* **Dataset entries**
◇ ◇ ◇
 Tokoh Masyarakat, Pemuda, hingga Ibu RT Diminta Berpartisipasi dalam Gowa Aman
◇ ◇ ◇
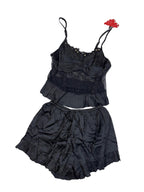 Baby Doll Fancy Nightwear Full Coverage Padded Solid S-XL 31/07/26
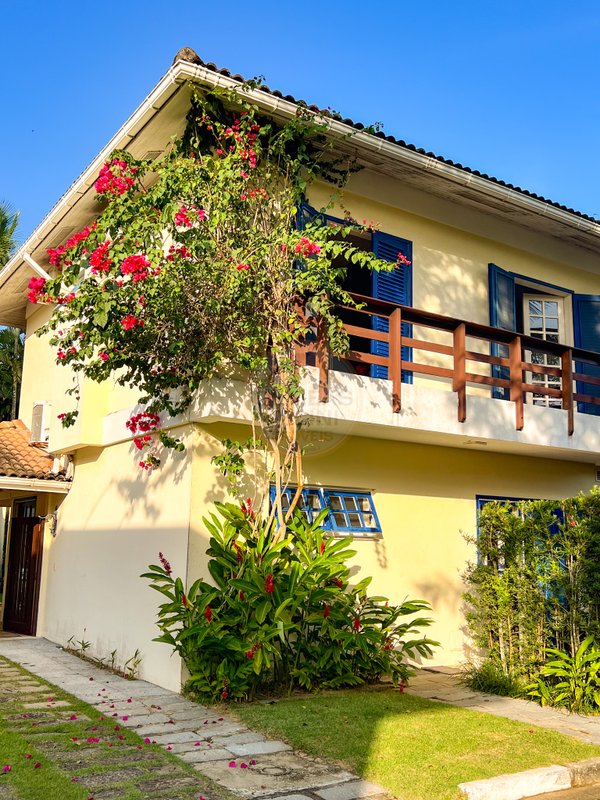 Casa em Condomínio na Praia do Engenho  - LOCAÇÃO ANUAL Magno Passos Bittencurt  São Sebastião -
◇ ◇ ◇
* **What you are asked to do**
Working from the records above, set down word for word everything from the line containing "Baby Doll Fancy" down to the line containing "Casa em Condomínio", ends included, minus the pictures.

* **Response**
 Baby Doll Fancy Nightwear Full Coverage Padded Solid S-XL 31/07/26
 Casa em Condomínio na Praia do Engenho  - LOCAÇÃO ANUAL Magno Passos Bittencurt  São Sebastião -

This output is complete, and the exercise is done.